Process intelligence: Ensuring GenAI speaks the language of your business
The IBM report data and panelist use cases illustrate that GenAI isn’t merely a futuristic concept, but a present-day reality with tangible benefits. However, as Bloehdorn pointed out, the IBM survey also showed that 30% of non-CEO senior executives say their organizations are not ready to adopt GenAI responsibly. A potential hurdle to GenAI, and more specifically LLM, adoption is that the technology doesn’t operate in a vacuum. It needs to speak the language of business to reach its full potential. This is why process intelligence, according to the panel, is critical.
Echoing the words of Filippo Catalano, chief information and digitization officer and Reckitt, who spoke during the Celosphere 2023 keynote, Dudeja said process intelligence offers tremendous opportunity. On the back end, he believes process intelligence will enable GenAI with better data. On the front end, he said it can enable the users to take more data-driven actions.
Dudeja outlined one use case for process-intelligent GenAI that Reckitt is working on–better identification of price mismatches in their procure-to-pay process.
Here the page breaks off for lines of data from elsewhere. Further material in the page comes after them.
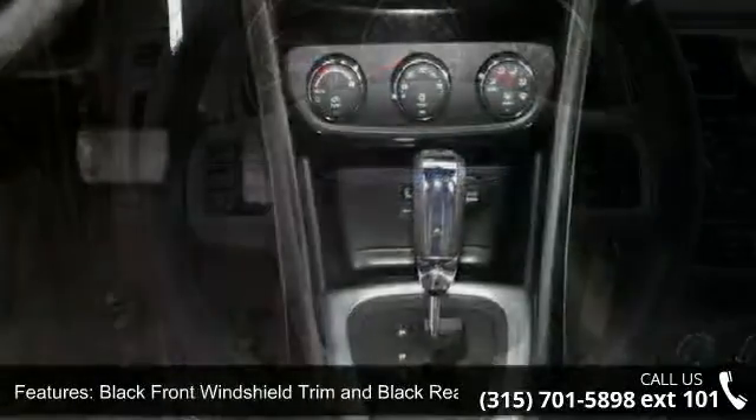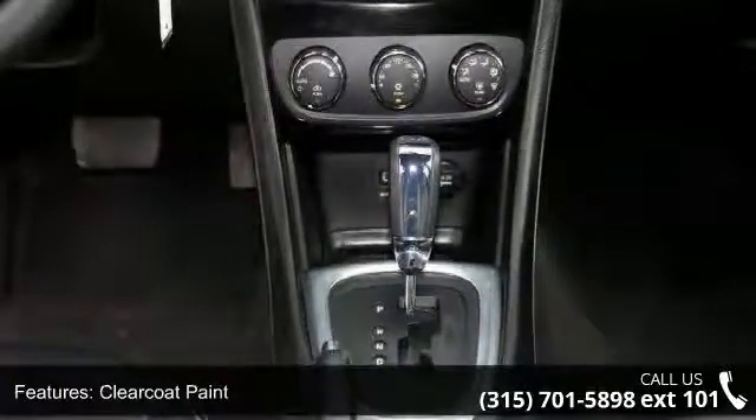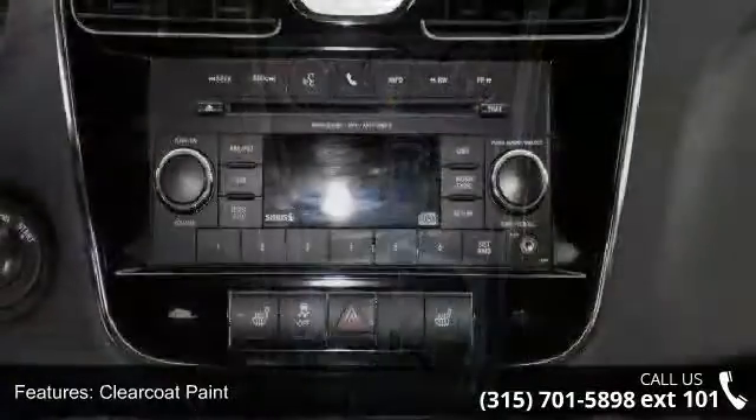Additional features include LED brake lights, light tinted glass, projector fog lamps, steel spare wheel, and trunk rear cargo access.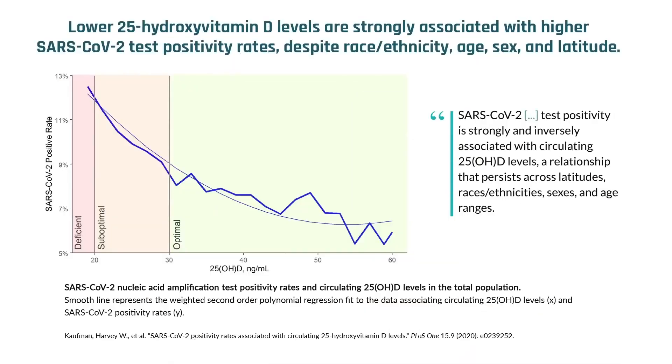A lot of these levels that we've come up with are based on the endocrinological function of vitamin D with bone metabolism. We don't know if that's the value we need for immunological functioning or COVID. What we do have are some associative studies that seem to show, at least in the study of 191,000 people, that SARS-CoV-2 rates started to go up once levels dropped below 50 nanograms per milliliter — so that's an interesting number.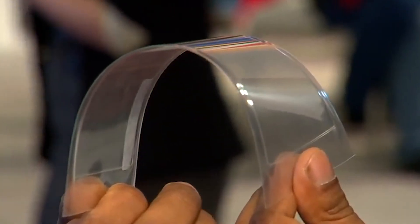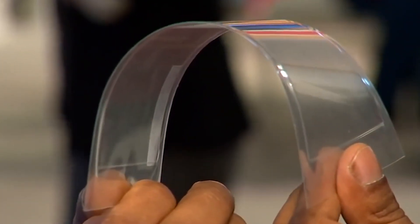Bendable glass isn't completely new in the market. Samsung was the first to implement it on a phone and release it to the public for purchase. But companies like Corning have developed strong, damage-resistant Gorilla Glass — used on iPhones and Android devices — and already made a bendable type of glass named Willow Glass.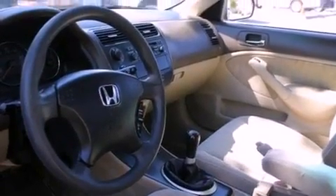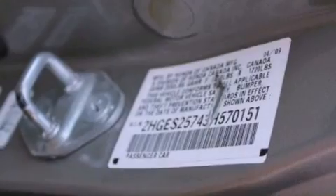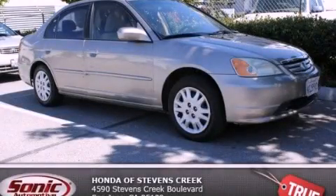With an EPA estimated rating of 38 miles per gallon on the highway, this vehicle is clearly a fuel-efficient choice. Stop by today and test drive this automobile for yourself.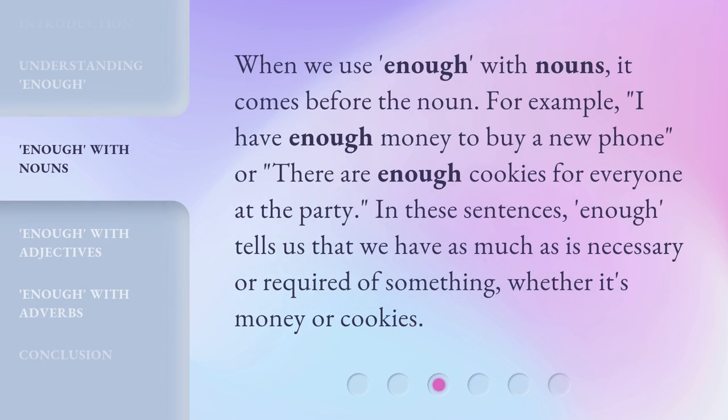When we use enough with nouns, it comes before the noun. For example, 'I have enough money to buy a new phone,' or 'There are enough cookies for everyone at the party.' In these sentences, enough tells us that we have as much as is necessary or required of something, whether it's money or cookies.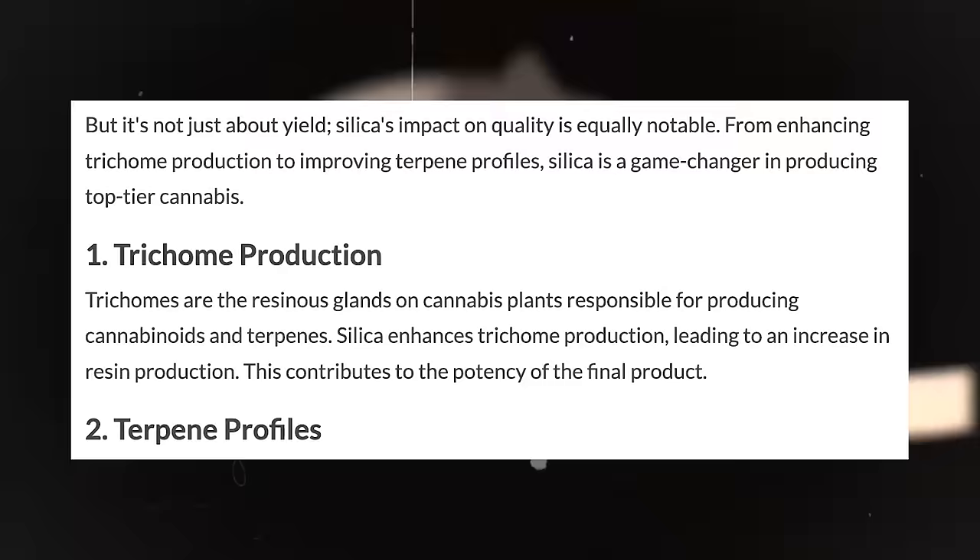It's not just about getting bigger stronger ladies or just about pest reduction and prevention — it's also about the quality. There are studies out there that say using silica can enhance trichome production and improve terpene profiles — it's literally a game changer in producing top-tier flower. Trichomes are the most resinous glands on the plant, responsible for producing all the cannabinoids, terpenes, and all that good stuff. What silica does is enhance that trichome production, leading to an increase in resin production, which contributes to the final potency of your product — making it a whole lot more tasty and nice.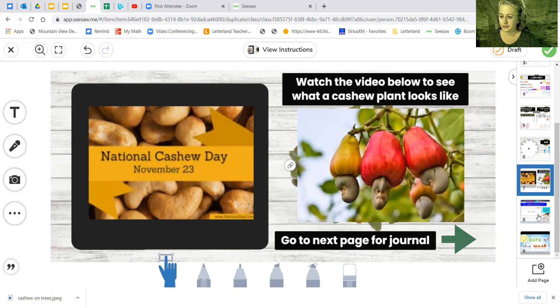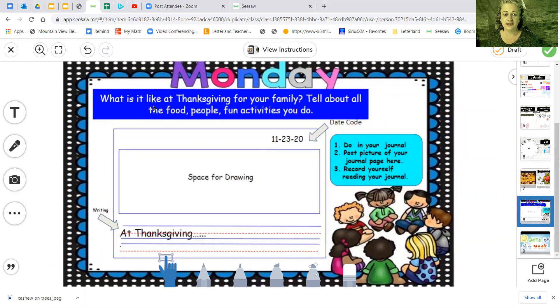You've got your next page for your journal. Today's journal entry is: what is it like at Thanksgiving for your family? Think about what Thanksgiving is like from what you remember, and maybe you've even talked with your parents about what it's going to be like this year. Tell about all the food, people, and fun activities you do. You're going to write different sentences about things that happen at Thanksgiving — the food, maybe where you go, or who comes to your house, or how it's going to be different this year because of how things are in the world and not being able to get too many people together. Or tell about a previous Thanksgiving in the past. We need at least three or more sentences.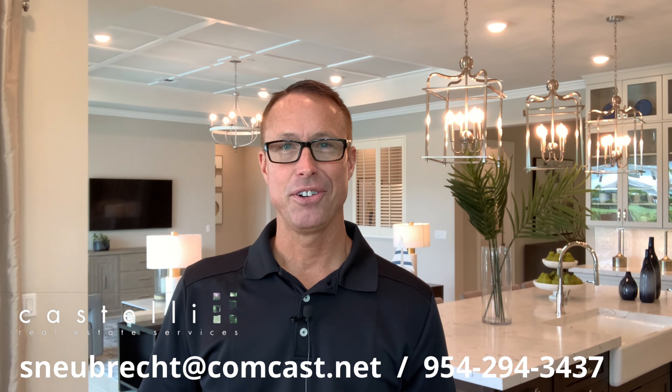Hello there and welcome to Living the Fort Lauderdale Lifestyle. I'm Scott Newbrecht and today I have ventured outside of Broward County. I am up in Palm Beach Gardens touring a new construction community called La Terre at Avenir. These homes are absolutely outstanding. Let's take a look around.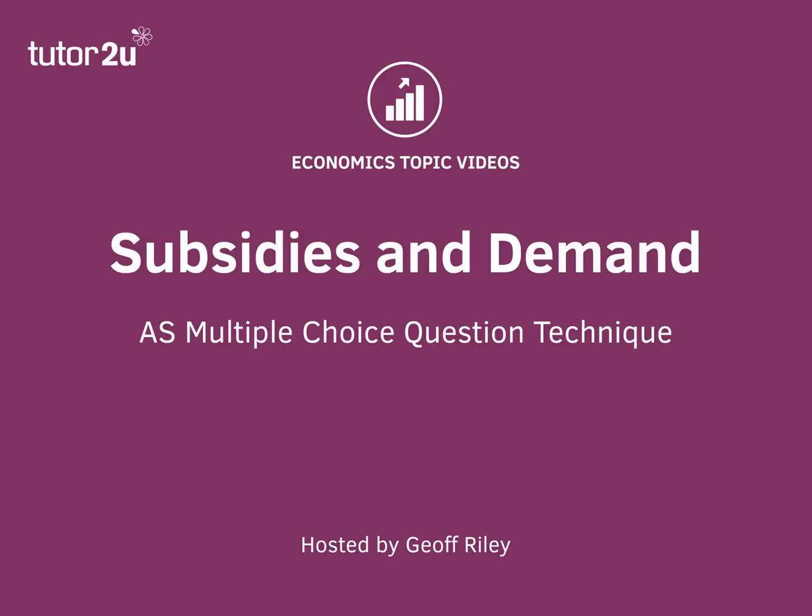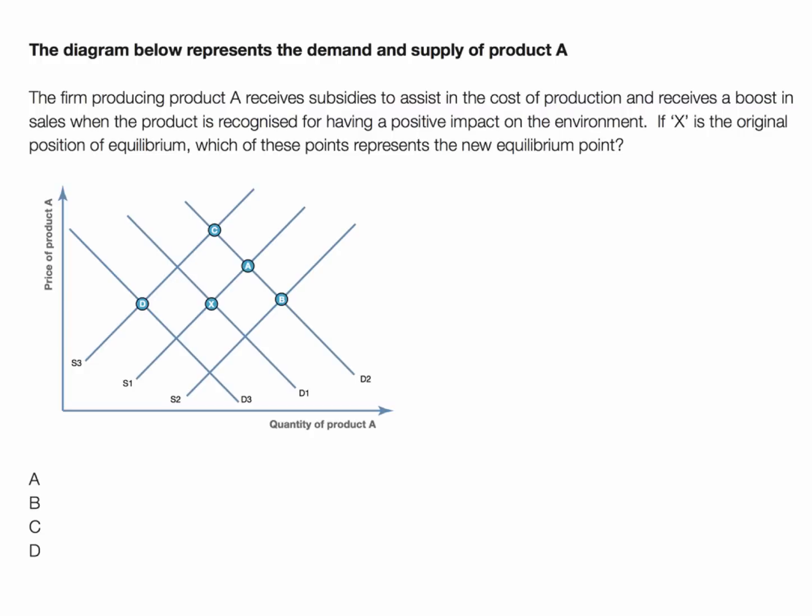Hi there, here's a multiple choice question looking at changes in supply and demand, in particular the effect of a government subsidy on the market. So here's the question.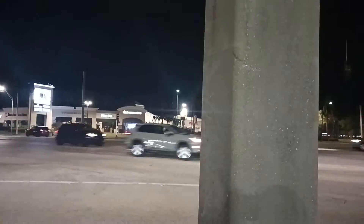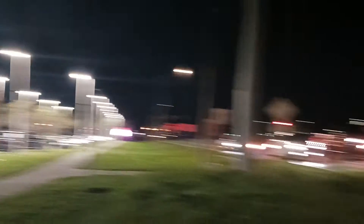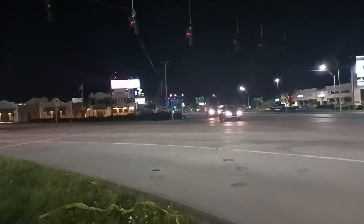We have a mercury vapor light here shining on the road, and we also have another one down there on Fowler. That also looks like one as well. But that direction looks like we have LED lights, and we also have some defective LED lights this direction as I go west.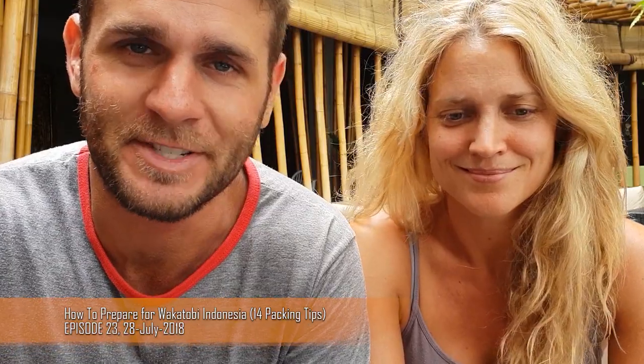Hi everybody, it is Brad here, Robin in the house also. Just a quick video to share with you some tips on how to prepare for Wakatobi.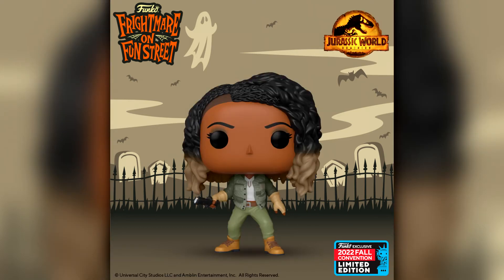Then we have another Jurassic World Dominion Pop — this is Kayla the pilot from the movie, and I will be picking this one up. I am collecting the Jurassic World Funko Pops, and by Jurassic World I'm talking about Jurassic Park as well. A lot of people didn't like the movie but I thought it was pretty decent — I honestly thought it was better than the previous Fallen Kingdom movie.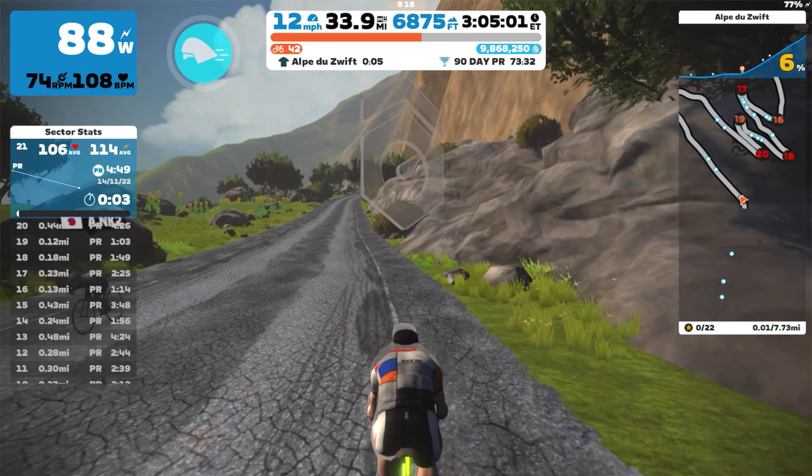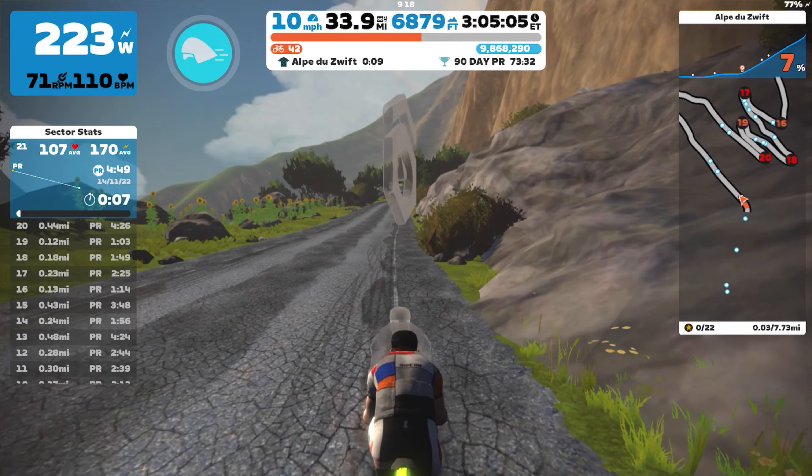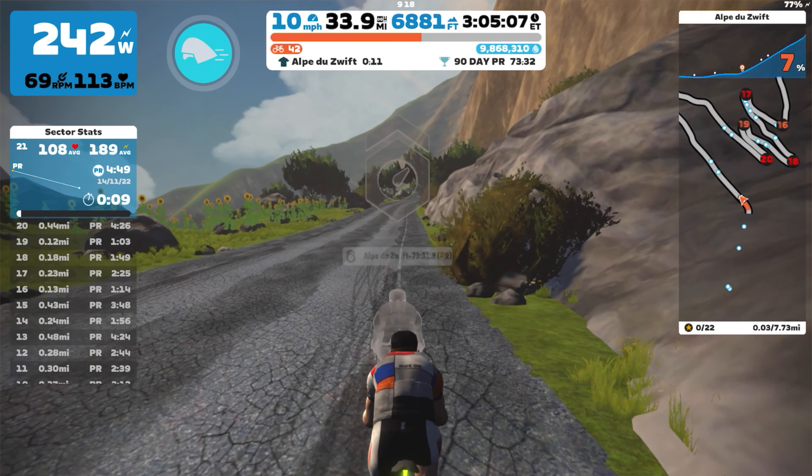So keep riding until you're done. Tip number 4: pacing is crucial. I found the best strategy for myself was keeping a consistent power throughout the whole rep. On my first lap I was testing a different strategy — pushing a bit harder on steeper sections and recovering on the gentle ones — but it didn't work too well for me. So find your strategy as early as possible and then apply it throughout the rest of the ride.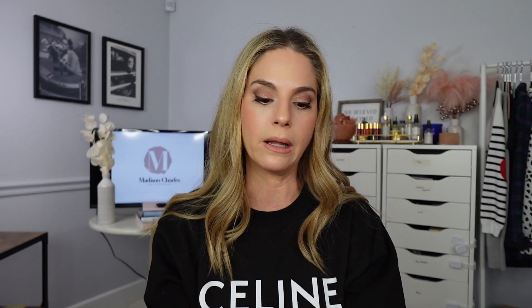Last but not least, we're talking the Makeup by Mario palette — or Mario if you're Canadian like me. This is just a neutral palette, the Master Mattes. It's his first palette that he ever came out with. I got it when it came out and thought 'okay, it's basically just nudes and browns' — but I use it all the time.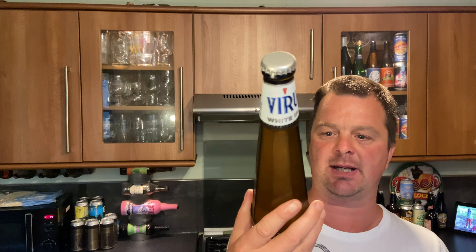It has one, two, three, four, five, six, seven, eight sides to it. Is that a hexagon? I think it might be — is eight a hexagon? I can't remember, I haven't been in school for such a long time. That is indeed a silver bottle cap. Without further ado, let's get this beer out into a glass and see what we get.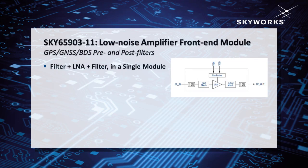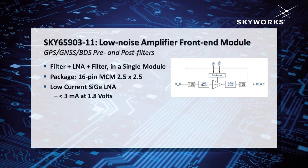The first part I want to talk about today is the SKY65903. It's a fully integrated filter LNA filter module, so it has a pre and post filter with a silicon germanium LNA. The key point about the 65903, in addition to the small 2.5 by 2.5 millimeter package size, is the low current LNA. The LNA draws less than 3 milliamps from a 1.8 volt supply. Noise figure is 1.8, gain is about 14, and again that's the cascaded filter LNA filter performance.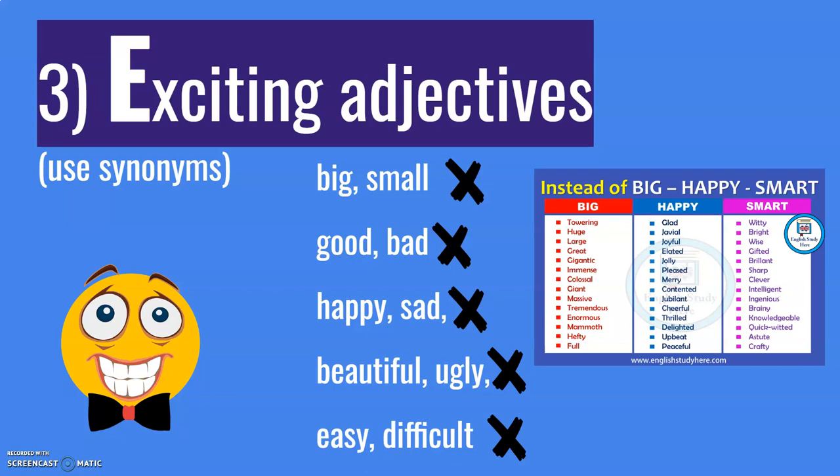You don't need to use all of them — you just need to have a few ready. And again, when you use them, the teacher will see that this student has a wide vocabulary. That's what you want to show. If the teacher thinks you have a wide vocabulary, they'll give you more marks. So: exciting adjectives — none of these everyday adjectives, exciting adjectives.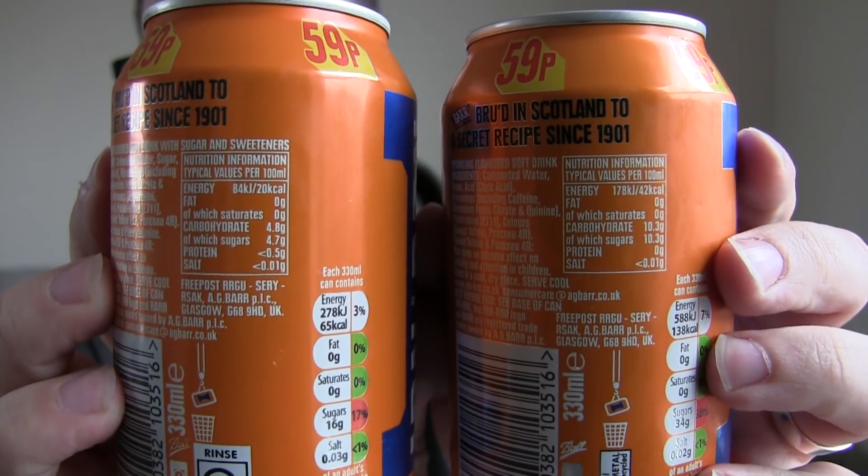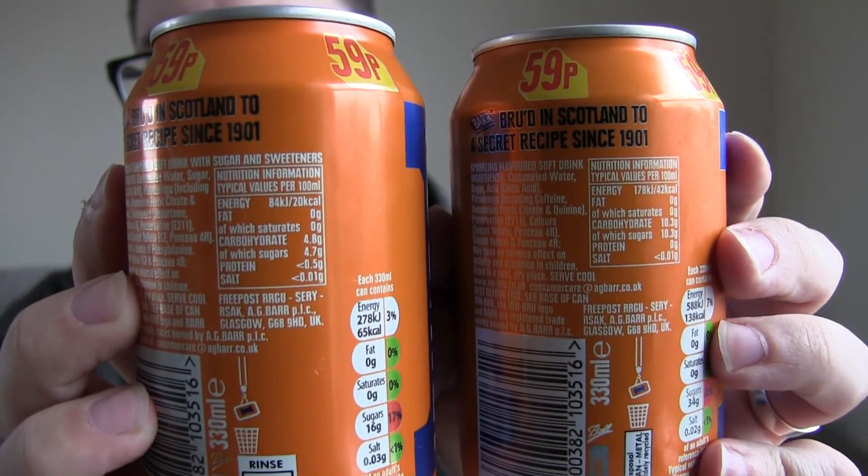This is the pre-tax Irn-Bru — I bought it a couple of months ago, in case you're wondering how I got hold of it. This is 38% of your recommended daily allowance of sugar, 34 grams of sugar. The post sugar tax version is 17% of your recommended daily allowance with 16 grams of sugar, so the sugar has more than halved. I'll also get a shot of the actual information on the back so you can compare them.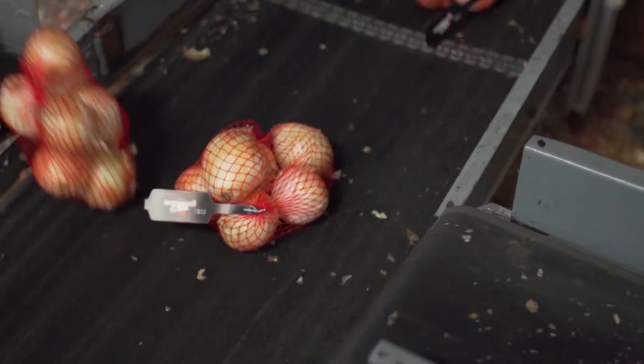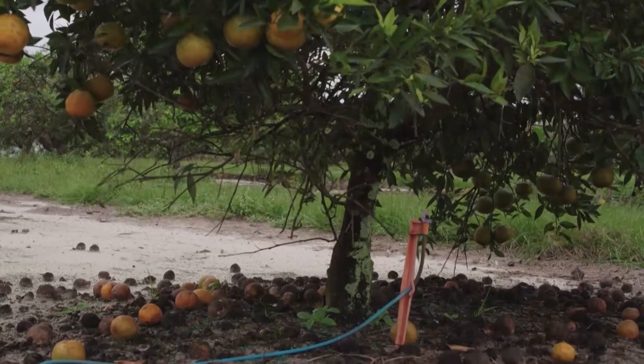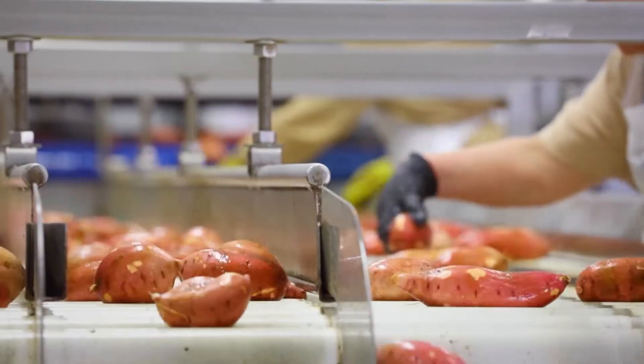Meet the players responsible for getting quality food to the market. This is what a normal leaf should look like, and we're seeing all of these kinds of odd things. If you're looking for an easy job, this isn't it. Hello, sweet potatoes.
Typically Reckitt does a three-way match, between what’s in their master data, the purchase order (PO) and their invoices. With process intelligence and GenAI, they can expand the process to a four-way match, pulling unstructured data from thousands of legal contracts that come in all different types.
“It's not humanly possible to really extract that information and validate [it] at the transaction level,” Dudeja said. “So when you're looking at a scale, you need that kind of capability from generative AI.”
On the front end, GenAI helps employees better interact with the now four-dimensional data and identify invoices with out-of-sync payment terms or pricing. The technology can then help them take appropriate corrective action and drive working capital improvements.
“If you combine those two together, it's tremendous,” he said. “We have proven the technology, [and] now that it works at both the ends, now we have to see whether it can work at scale.”